The best part of O’Neal’s excellent article is near the end when he quotes Hank Hill as saying, “A big part of being a man is doing things you don’t want to do.” Hank’s not complaining. He just feels a certain understated pride in assuming the mantel of being useful. He finds identity and meaning in being the one other people can count on. In a lot of ways, that’s Mike Judge’s vision for what it means to be a Texan. Or, at least that’s the way O’Neal interprets it:

“Like being a man, being a real Texan isn’t about aspiring to some outsized, mythical life but about finding fulfillment in doing the things that need doing, the same way we’ve learned to embrace the things about Texas that, if I’m being honest, aren’t all that great: the heat, the harsh terrain, the Dallas Cowboys. We’re not super beings, but simply the descendants of people who arrived in some of the most unforgiving land in America and declared it, rather obstinately, to be heaven on earth. Our surroundings may have softened and shifted, but that stubborn self-reliance remains.” 
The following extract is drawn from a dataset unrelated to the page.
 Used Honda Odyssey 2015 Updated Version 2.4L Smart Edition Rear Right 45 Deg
Read the piece. It’s very well-written. And maybe go to Whataburger for lunch today.

Peace,

Allan

An Indescribable Fullness

What’s it like to be a Granddad? What’s it like to hold those new grandsons? How does it feel to have grandchildren? How does it feel to be a Granddad?

Well, I would tell you. If I could.

How does it feel to be incredibly, undeservedly blessed by God? What’s it like to watch your daughter’s face explode with unconditional love and unabashed joy as she locks eyes with her own babies? How does it feel to hold a precious baby boy who only lives because your wife forgave you and loved you and married you and said “Yes” to you a million times when you did nothing to merit any of it? What’s it like to marvel at the miracle(s) in your hands, this gift from God’s hand, as a personal experience of his love and faithfulness and grace? How does it feel?
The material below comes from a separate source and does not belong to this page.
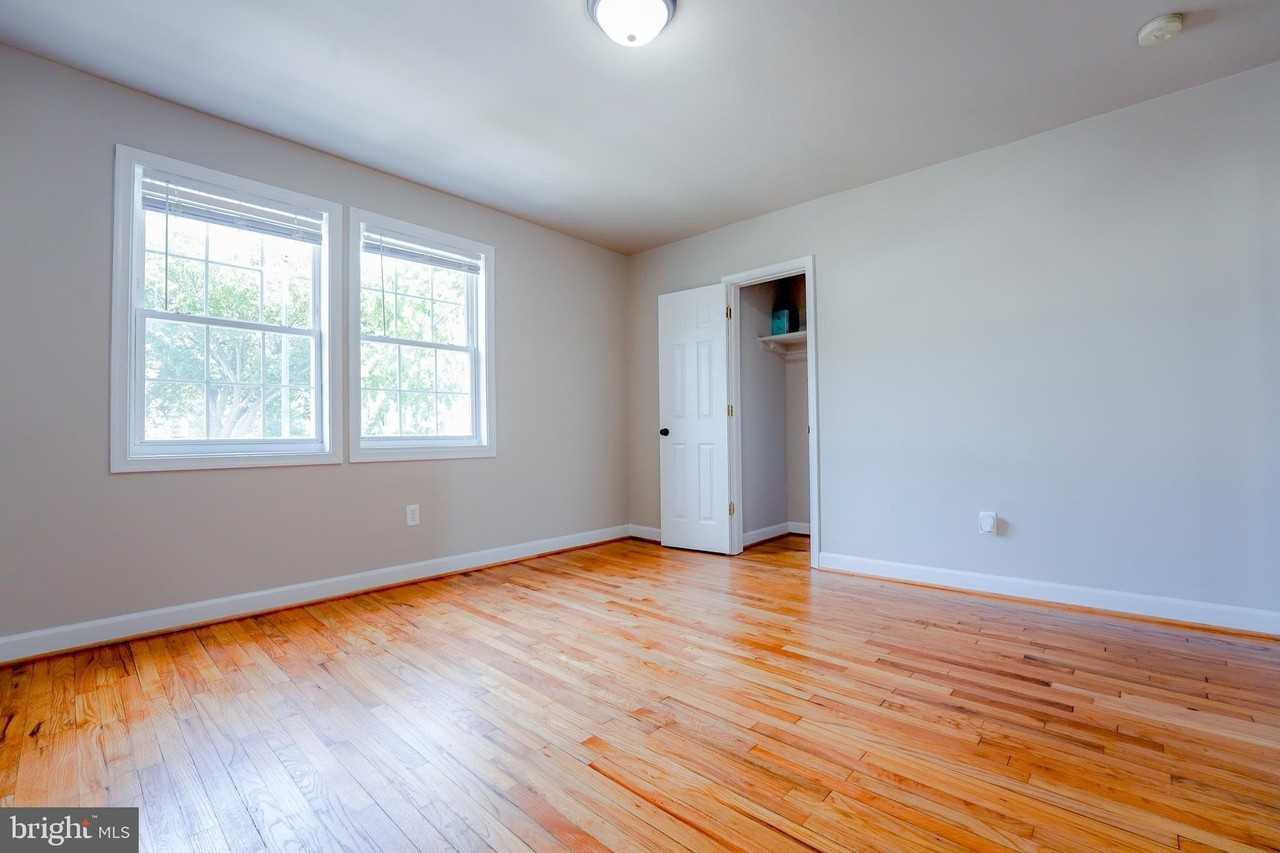 1823 H Place Northeast #3 - Photo 3 of 16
I don’t know how to talk or write about it, other than in terms of a fullness of heart and soul, a fullness of life. A swelling of gratitude and thanksgiving, a completeness of joy and contentment, so full I could just bust wide open into a laughing, weeping, smiling, delirious mess.

How do you describe those moments when that little baby’s eyes are looking right into mine and I tell him how much I love him? How do you explain the feeling of being with your beloved daughter and her husband, in their house, taking care of those newborn twins together? Experiencing all of the emotions and hormones and questions, moving suddenly from overwhelmed to confident and back again during one diaper-changing. Being with their great friends from their great church and that little community of faith that is taking care of them so faithfully. Watching Valerie gush and coo over these boys. Watching David feed the boys at 2am, knowing how mentally and physically exhausted he is while studying for next week’s bar exam. Realizing how perfectly healthy Elliott and Samuel are and how every prayer you’ve ever prayed for your daughter and her husband and these boys is being answered right in front of your eyes by a loving God who loves them even more than I do. Feeling a massive hole in my soul knowing I’m not going to be with those boys today. Or tomorrow. Or for the next few weeks. A deep longing to be with them, to hold them, to speak to them, to feed them, and love them. And knowing that hole didn’t even exist fourteen days ago.

How do you describe all that?

I can show you pictures. And, get ready, I probably will show you more than you would ever want. But I don’t know how to articulate how this all feels. It’s an indescribable fullness of gratitude and humility and praise.